Task requirements
The answer is the line with "Sporty Girl Chooses" and every line after it to the end of the listing, retyped exactly. Pictures do not belong in it.

Data section
..............................
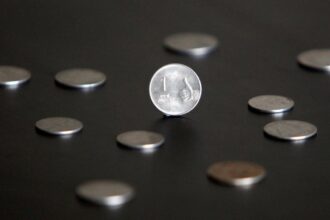 Rupee falls 6 paise to 87.18 against US dollar in early trade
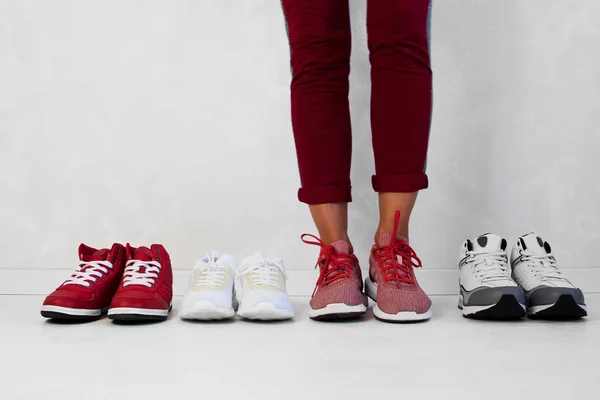 Sporty Girl Chooses Which Sneakers Training Several Pairs Sports — Stock Photo, Image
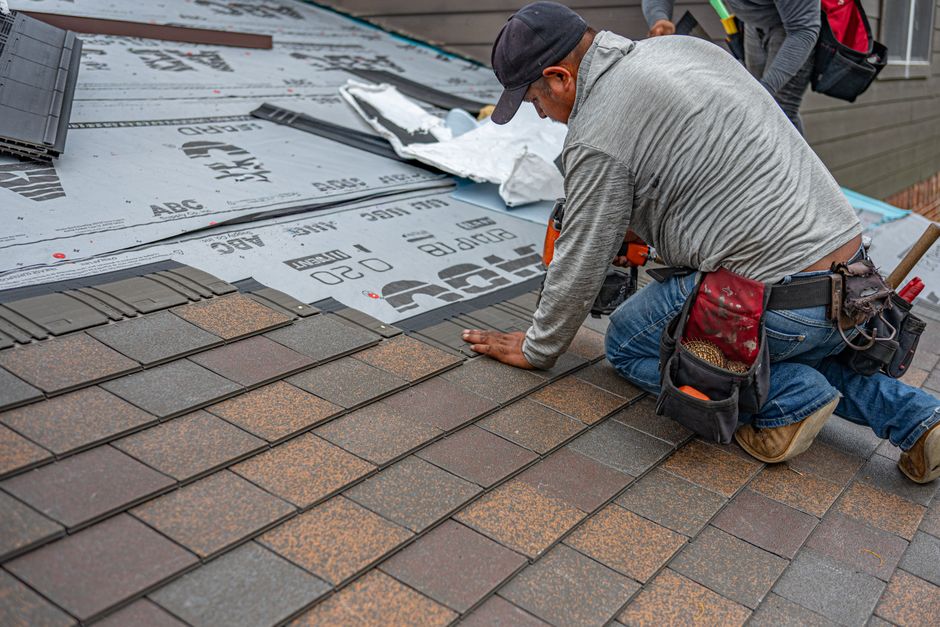 roofing contractor inspecting shingles on a house in Little Rock AR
..............................
Finished task
 Sporty Girl Chooses Which Sneakers Training Several Pairs Sports — Stock Photo, Image
 roofing contractor inspecting shingles on a house in Little Rock AR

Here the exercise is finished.